AVAILABLE DATA:
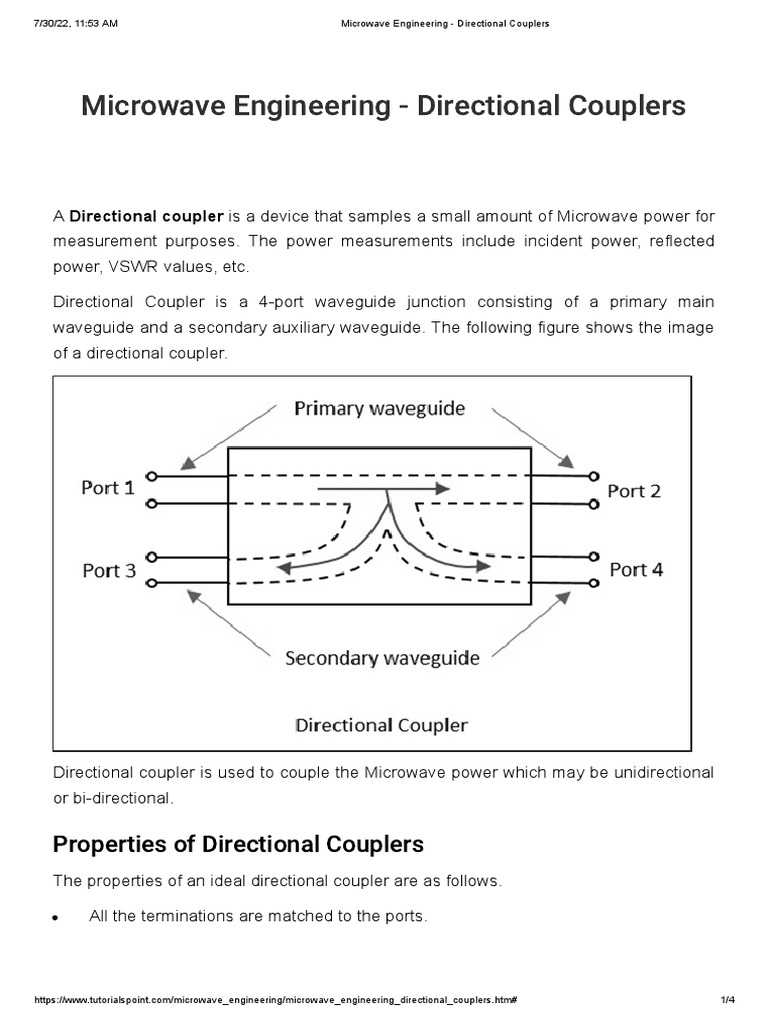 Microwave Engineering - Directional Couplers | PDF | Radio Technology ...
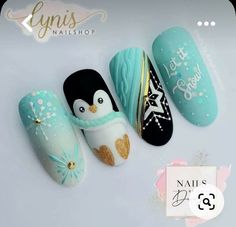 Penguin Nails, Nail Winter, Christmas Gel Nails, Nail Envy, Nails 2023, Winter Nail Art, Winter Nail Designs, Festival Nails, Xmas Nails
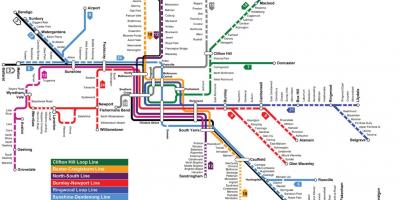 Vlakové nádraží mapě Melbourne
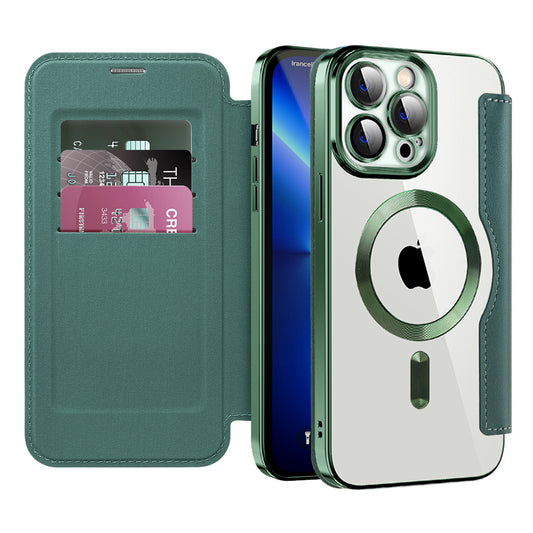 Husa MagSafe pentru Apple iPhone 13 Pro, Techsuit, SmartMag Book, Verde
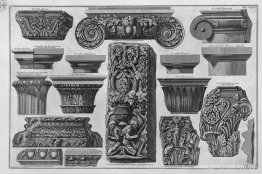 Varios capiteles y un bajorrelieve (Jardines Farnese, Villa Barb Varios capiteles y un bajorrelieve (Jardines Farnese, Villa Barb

TASK DIRECTIONS: Your answer must be the full set of entries, set down exactly and without pictures.

OUTPUT:
 Microwave Engineering - Directional Couplers | PDF | Radio Technology ...
 Penguin Nails, Nail Winter, Christmas Gel Nails, Nail Envy, Nails 2023, Winter Nail Art, Winter Nail Designs, Festival Nails, Xmas Nails
 Vlakové nádraží mapě Melbourne
 Husa MagSafe pentru Apple iPhone 13 Pro, Techsuit, SmartMag Book, Verde
 Varios capiteles y un bajorrelieve (Jardines Farnese, Villa Barb Varios capiteles y un bajorrelieve (Jardines Farnese, Villa Barb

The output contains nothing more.